Normally such linkage would help to prepare the individual for additional responses, or to elaborate on a particular response. In this theoretical framework a symptom such as poor social interaction results from the inability to elaborate responses in a conversation (poverty of speech or thought). Another theory in the ‘lumpers’ camp is that frontal cortex dopamine activity is abnormally low. Since frontal cortex neurons normally inhibit the deeper subcortical dopamine neurons, this low activity level results in a failure to suppress dopamine activity in the subcortical regions. The result is hallucinations and/or delusions due excess dopamine activity in the subcortical areas. Supporting this theory is the fact that high doses of amphetamines can cause psychosis by increasing the amount of subcortical dopamine activity. The oldest theory in this camp is the almost 30-year-old dopamine hypothesis of schizophrenia (below), which is currently viewed as too simplistic.

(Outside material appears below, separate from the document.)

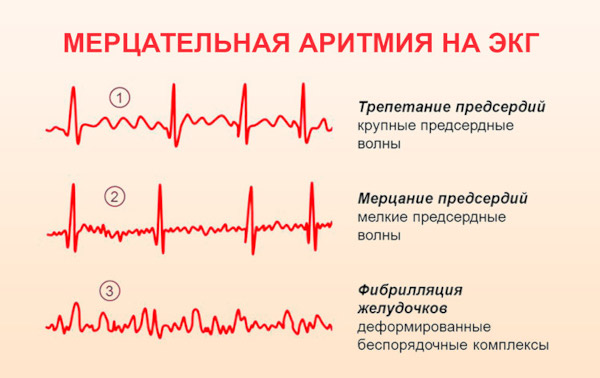 Дигоксин (Digoxin). Инструкция по применению, цена, отзывы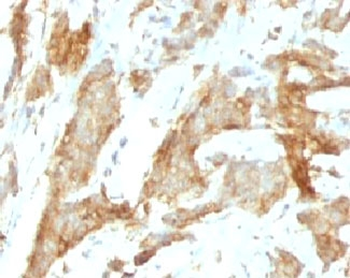 gp96 Antibody / GRP94 / HSP90B1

In the other camp, the ‘splitters’ contend that it is also possible that schizophrenia is a syndrome in which a common clinical appearance is caused by several different disease processes (similar to diabetes as discussed above). In this schema (Crow, 1980), one could think of a schizophrenic as having the quite unfortunate inheritance of three semi-independent genes. These genetic defects would then cause a cluster of symptoms. Each of these genes would be responsible for the separate symptom domains of schizophrenia. Since these symptom domains occur in isolation from each other as well as together in the schizophrenic (e.g., schizotypy [odd speech and behavior; social aloofness, isolation, anxiety and guardedness] attention deficit disorder [attention, working memory, and other cognitive deficits], and affective disturbances [flattened, inappropriate affect and anhedonia]), the patient might be thought of as having a combination of genetic vulnerabilities.
Genetics of Schizophrenia
That there is a genetic vulnerability to schizophrenia is not in doubt for a variety of reasons. It has been shown that the siblings of schizophrenic patients have an increased risk of the disorder only when they are biological siblings, not adopted. What this genetic vulnerability is, of course, is not known, as no single gene has been identified as a risk factor for schizophrenia. That the gene(s) involved interact with some environmental factor is clear since identical twins share the disorder only about 50% of the time.
According to Schwartz (1988), an individual has an 8% risk of schizophrenia if their sibling is schizophrenic, a 12% risk if one parent is affected, a 14% risk of sharing the disorder in fraternal twins, 39% risk if both parents are affected, and 47% risk when two individuals share the same exact genes. To explain the less than 100% concordance in identical twins some authors (Barr, 1990) hypothesize viral, obstetric, nutritional triggers, which may release the genetic vulnerability.